Show each line of the data below that has the string "Canvas" in it.

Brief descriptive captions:
________________

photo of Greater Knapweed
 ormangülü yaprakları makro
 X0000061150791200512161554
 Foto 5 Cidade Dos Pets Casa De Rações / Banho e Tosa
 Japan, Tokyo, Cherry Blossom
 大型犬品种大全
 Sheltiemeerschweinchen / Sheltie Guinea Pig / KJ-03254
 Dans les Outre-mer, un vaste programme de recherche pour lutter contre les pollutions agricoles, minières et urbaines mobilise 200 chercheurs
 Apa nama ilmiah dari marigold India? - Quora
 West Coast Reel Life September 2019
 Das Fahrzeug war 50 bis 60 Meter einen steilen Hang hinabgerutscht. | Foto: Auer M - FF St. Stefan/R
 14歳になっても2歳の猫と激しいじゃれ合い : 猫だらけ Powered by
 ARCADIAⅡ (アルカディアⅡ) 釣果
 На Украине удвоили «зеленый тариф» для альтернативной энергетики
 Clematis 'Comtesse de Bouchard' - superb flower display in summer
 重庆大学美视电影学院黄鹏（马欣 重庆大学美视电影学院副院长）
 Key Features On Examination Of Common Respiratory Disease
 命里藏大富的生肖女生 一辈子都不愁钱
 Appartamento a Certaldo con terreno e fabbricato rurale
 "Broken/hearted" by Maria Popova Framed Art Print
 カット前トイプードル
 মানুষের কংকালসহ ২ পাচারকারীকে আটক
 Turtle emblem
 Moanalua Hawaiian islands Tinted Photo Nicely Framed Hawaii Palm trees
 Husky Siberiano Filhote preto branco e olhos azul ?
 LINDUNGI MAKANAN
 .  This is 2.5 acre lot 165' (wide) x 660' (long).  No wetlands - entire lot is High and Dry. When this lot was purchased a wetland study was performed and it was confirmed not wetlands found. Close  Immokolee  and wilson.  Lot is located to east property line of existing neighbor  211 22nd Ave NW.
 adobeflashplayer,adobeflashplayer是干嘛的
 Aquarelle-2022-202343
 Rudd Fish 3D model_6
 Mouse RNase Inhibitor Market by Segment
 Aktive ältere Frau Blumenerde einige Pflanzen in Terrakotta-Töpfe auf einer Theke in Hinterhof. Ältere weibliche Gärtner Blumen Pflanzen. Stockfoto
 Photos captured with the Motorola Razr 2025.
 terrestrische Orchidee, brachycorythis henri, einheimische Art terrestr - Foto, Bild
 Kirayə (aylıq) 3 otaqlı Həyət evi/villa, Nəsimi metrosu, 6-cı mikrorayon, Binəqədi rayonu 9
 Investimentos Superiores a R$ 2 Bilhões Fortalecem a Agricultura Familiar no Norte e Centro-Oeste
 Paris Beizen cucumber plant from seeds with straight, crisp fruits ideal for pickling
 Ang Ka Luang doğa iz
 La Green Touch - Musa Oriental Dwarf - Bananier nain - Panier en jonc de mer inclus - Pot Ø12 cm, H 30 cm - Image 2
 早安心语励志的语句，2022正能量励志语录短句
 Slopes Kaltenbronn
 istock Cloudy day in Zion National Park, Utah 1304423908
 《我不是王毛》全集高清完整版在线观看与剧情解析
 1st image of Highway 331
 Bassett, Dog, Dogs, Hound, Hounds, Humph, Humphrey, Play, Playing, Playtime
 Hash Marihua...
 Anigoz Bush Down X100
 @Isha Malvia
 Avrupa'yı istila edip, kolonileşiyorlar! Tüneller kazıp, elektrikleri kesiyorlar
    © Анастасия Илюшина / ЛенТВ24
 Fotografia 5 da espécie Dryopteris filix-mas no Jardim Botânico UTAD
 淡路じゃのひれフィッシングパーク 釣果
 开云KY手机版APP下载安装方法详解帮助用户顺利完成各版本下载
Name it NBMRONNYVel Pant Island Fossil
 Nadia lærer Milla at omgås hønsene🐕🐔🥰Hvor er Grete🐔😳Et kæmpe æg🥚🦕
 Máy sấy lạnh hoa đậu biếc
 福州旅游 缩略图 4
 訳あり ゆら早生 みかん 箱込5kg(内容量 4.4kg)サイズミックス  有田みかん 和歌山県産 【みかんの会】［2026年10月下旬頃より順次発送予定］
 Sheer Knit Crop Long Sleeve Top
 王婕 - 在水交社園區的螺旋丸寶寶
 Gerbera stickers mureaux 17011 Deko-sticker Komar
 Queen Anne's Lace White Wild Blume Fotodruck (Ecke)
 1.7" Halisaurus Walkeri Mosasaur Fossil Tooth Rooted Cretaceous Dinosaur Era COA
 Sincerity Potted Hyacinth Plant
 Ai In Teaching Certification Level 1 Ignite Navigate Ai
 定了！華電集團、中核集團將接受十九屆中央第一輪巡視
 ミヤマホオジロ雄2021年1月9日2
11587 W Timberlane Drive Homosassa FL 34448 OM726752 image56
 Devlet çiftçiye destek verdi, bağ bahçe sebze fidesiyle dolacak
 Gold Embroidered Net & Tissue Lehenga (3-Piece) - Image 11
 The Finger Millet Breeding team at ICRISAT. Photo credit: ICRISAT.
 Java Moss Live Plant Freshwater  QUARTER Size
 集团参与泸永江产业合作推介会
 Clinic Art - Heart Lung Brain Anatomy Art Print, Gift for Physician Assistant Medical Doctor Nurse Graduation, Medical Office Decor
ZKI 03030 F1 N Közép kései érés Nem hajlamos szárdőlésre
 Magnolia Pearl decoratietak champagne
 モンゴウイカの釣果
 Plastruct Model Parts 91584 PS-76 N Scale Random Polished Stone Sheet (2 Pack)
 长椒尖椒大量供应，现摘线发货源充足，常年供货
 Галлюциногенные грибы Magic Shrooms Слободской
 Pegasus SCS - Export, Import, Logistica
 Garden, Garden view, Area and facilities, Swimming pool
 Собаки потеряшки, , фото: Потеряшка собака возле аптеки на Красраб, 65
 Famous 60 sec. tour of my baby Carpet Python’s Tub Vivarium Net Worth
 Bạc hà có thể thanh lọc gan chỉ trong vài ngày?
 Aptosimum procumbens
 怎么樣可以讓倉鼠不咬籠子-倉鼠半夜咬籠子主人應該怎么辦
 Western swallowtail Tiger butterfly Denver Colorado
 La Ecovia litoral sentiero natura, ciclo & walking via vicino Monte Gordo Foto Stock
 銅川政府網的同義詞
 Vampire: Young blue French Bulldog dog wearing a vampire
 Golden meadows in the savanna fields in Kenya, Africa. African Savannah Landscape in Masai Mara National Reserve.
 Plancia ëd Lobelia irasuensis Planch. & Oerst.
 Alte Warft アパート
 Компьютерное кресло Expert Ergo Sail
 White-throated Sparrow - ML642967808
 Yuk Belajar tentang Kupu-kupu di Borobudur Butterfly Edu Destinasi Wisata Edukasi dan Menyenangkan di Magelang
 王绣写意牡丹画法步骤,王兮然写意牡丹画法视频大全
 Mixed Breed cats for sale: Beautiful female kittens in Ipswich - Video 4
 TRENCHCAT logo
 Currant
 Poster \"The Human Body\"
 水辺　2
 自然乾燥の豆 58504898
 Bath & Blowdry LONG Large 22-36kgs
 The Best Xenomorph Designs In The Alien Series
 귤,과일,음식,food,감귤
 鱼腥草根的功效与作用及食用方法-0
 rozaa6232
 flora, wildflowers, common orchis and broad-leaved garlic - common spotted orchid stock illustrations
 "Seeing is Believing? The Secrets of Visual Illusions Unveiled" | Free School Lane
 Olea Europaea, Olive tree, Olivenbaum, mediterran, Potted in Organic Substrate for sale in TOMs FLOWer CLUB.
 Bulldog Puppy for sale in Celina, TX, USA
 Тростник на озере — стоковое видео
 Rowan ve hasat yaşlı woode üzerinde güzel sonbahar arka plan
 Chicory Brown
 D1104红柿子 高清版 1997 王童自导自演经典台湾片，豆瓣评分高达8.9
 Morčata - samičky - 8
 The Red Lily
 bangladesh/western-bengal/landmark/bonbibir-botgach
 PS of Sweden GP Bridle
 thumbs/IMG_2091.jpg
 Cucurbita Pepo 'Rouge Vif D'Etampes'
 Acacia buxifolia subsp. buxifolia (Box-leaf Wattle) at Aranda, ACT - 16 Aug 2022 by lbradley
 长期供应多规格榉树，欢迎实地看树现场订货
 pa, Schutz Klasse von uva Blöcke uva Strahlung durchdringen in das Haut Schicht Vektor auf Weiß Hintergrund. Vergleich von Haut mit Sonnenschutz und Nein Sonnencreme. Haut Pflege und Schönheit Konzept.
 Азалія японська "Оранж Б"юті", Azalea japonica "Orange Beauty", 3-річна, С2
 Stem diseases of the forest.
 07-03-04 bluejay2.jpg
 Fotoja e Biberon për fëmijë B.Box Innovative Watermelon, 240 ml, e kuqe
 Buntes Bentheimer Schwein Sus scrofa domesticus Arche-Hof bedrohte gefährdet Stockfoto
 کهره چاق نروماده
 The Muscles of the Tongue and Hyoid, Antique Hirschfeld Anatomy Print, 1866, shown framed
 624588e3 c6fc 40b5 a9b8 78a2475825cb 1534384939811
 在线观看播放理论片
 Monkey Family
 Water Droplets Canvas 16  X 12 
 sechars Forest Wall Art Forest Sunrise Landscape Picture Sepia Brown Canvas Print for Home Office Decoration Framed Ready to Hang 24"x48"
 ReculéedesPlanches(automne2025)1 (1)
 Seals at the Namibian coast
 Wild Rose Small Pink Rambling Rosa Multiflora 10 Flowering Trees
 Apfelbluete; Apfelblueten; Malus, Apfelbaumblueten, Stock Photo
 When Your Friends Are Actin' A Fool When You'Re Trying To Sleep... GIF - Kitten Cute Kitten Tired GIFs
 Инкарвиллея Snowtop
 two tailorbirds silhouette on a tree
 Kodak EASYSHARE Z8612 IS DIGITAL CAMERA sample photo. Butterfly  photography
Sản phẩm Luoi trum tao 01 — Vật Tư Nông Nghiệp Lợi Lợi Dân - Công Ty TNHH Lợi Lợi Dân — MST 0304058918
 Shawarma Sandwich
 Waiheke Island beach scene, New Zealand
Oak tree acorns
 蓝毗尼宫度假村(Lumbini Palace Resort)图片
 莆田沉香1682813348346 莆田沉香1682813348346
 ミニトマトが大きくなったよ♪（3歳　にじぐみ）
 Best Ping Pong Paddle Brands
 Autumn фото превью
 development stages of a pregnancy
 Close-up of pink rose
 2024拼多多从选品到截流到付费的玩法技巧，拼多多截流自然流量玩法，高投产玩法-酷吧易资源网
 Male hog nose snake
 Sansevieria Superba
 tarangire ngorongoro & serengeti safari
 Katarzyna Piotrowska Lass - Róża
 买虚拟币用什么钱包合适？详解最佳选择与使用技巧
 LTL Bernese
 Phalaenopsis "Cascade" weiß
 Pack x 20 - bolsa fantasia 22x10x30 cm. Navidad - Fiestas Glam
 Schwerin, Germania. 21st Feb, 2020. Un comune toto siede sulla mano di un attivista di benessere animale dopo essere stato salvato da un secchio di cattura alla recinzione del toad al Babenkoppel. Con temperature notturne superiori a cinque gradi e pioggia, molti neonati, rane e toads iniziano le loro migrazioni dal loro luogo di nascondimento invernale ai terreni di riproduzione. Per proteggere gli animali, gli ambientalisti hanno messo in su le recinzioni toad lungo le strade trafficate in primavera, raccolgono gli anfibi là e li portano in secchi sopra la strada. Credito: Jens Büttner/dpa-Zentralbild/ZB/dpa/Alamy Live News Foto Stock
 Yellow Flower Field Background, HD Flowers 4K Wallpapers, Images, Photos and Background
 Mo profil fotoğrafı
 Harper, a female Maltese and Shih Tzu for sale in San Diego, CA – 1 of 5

________________

EXERCISE RESULT
 Water Droplets Canvas 16  X 12 
 sechars Forest Wall Art Forest Sunrise Landscape Picture Sepia Brown Canvas Print for Home Office Decoration Framed Ready to Hang 24"x48"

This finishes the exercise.